Increasing work and consumption opportunities?

Increases happiness   2 votes - 50 %
Has no effect on happiness   2 votes - 50 %
Decreases happiness   1 vote - 25 %
Increases wealth   2 votes - 50 %
Has no effect on wealth   1 vote - 25 %
Decreases wealth   0 votes - 0 %
-   0 votes - 0 %
Anthropocene is a good idea   3 votes - 75 %
Anthropocene is a bad idea   1 vote - 25 %
 
4 Total Votes
That last bit presents an interesting question by lm (4.00 / 1) #1 Sat Feb 02, 2008 at 04:52:09 AM EST
Is there a valid difference between subjective and objective well being?

I'm not really well read on the matter, but I think there are a number of recent psychological studies that suggest that dissatisfaction increases as the number choices increase. During a time of want, one is ecstatic to have any healthy meal. During a time of plenty, one is always thinking `I'm not really in the mood to eat this. I should have ordered the other thing.' Or so the theory goes.

Perhaps Plato and Aristotle were on to something when they suggested that wealth has a golden mean.
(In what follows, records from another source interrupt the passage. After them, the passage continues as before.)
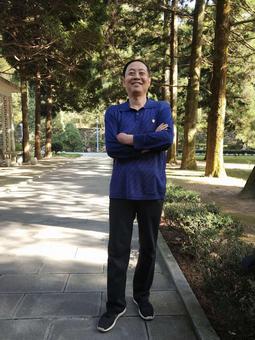 画家书法家周以林个人艺术简介,周以林画家简介,周以林作品价格,周以林个人简介,周以林艺术作品,书法家周以林简介,画家周以林简介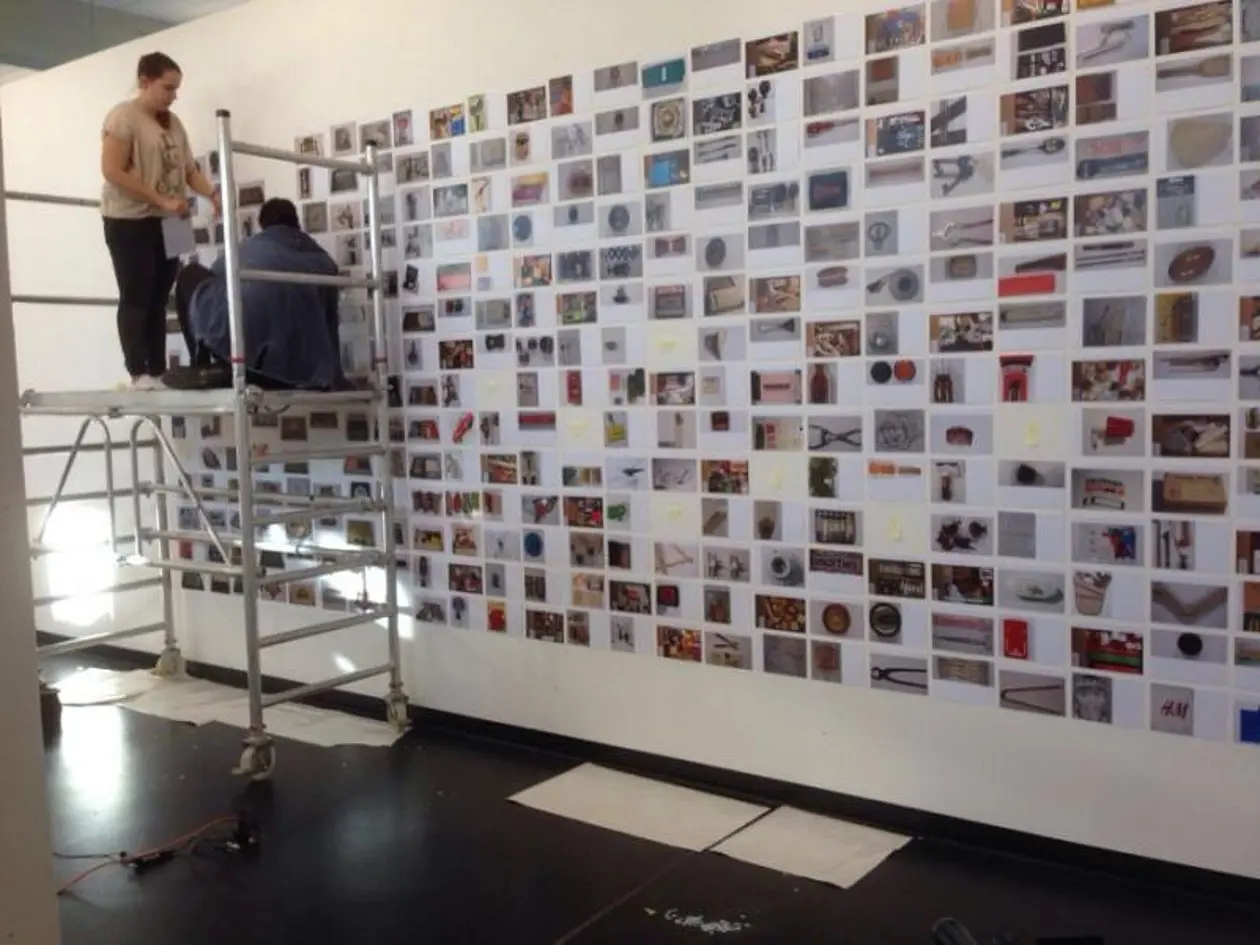 Aufbau im Ausstellungsraum. Foto: Frieder Findeisen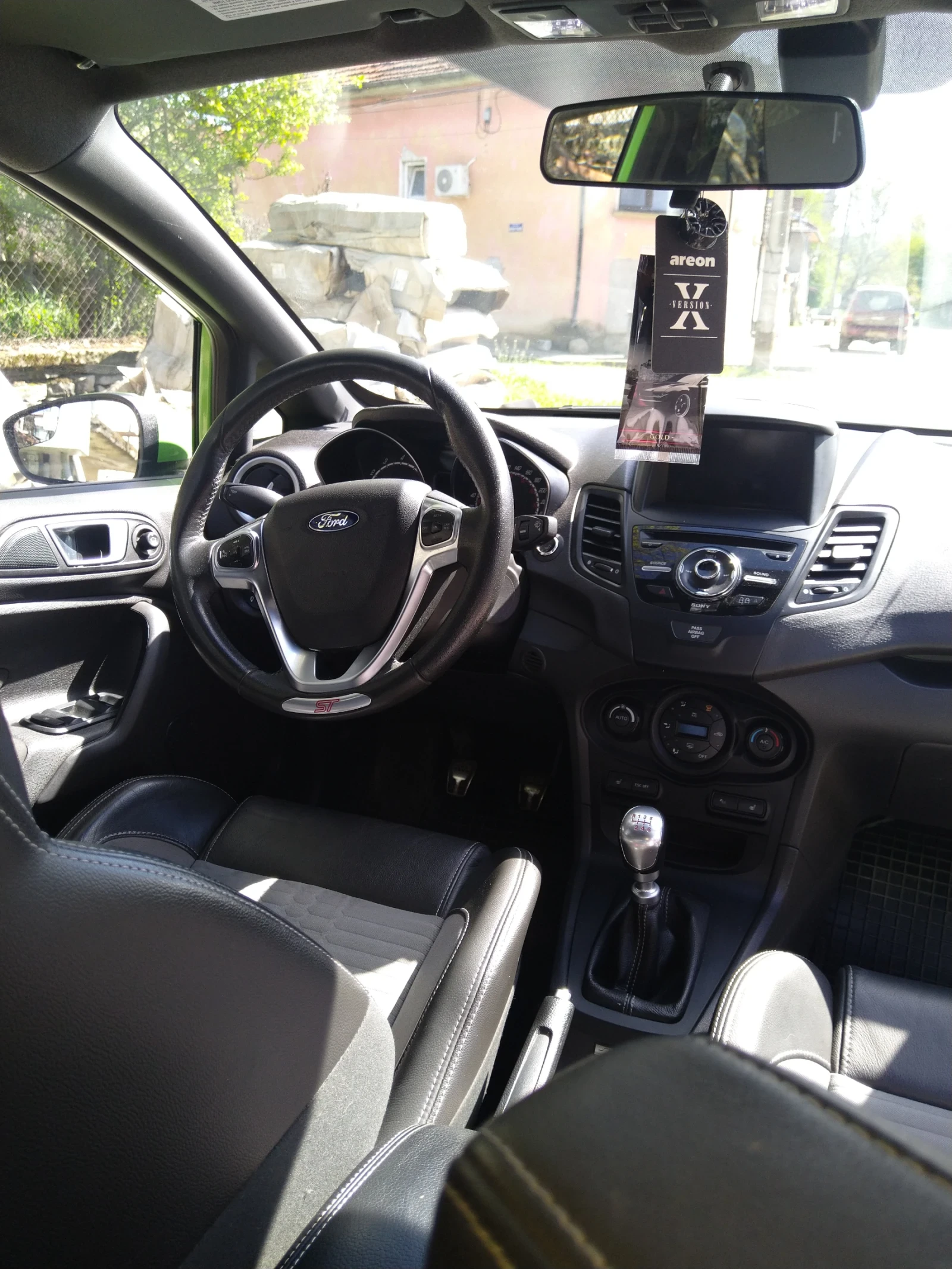 Ford Fiesta Ст 250к, снимка 5 - Автомобили и джипове - 54550647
Too little and life sucks. Too little and one makes oneself miserable.


There is no more degenerate kind of state than that in which the richest are supposed to be the best.
Cicero, The Republic
Subjective and objective wellbeing by TheophileEscargot (2.00 / 0) #2 Sat Feb 02, 2008 at 05:25:45 AM EST
Most current research seems to rely on asking people to assess their own well-being. They claim though that this is somewhat validated by brain scans and comparisons across cultures.

I think the problem with the happiness research is that if you take it literally you end with something very like "Brave New World". People are happiest when their material wants are met, and their expectations are met. So a rigidly stratified society where everyone knows their place from birth, yet with a strong social safety net, seems to be the optimum society to maximize happiness.

So basically there seems to be a trade-off between happiness and freedom.

However, the obvious alternative to accepting that trade-off is to say there is a Platonic "true happiness" which is different to the "false happiness" reported by research, and explain that "true happiness" is not inconsistent with freedom.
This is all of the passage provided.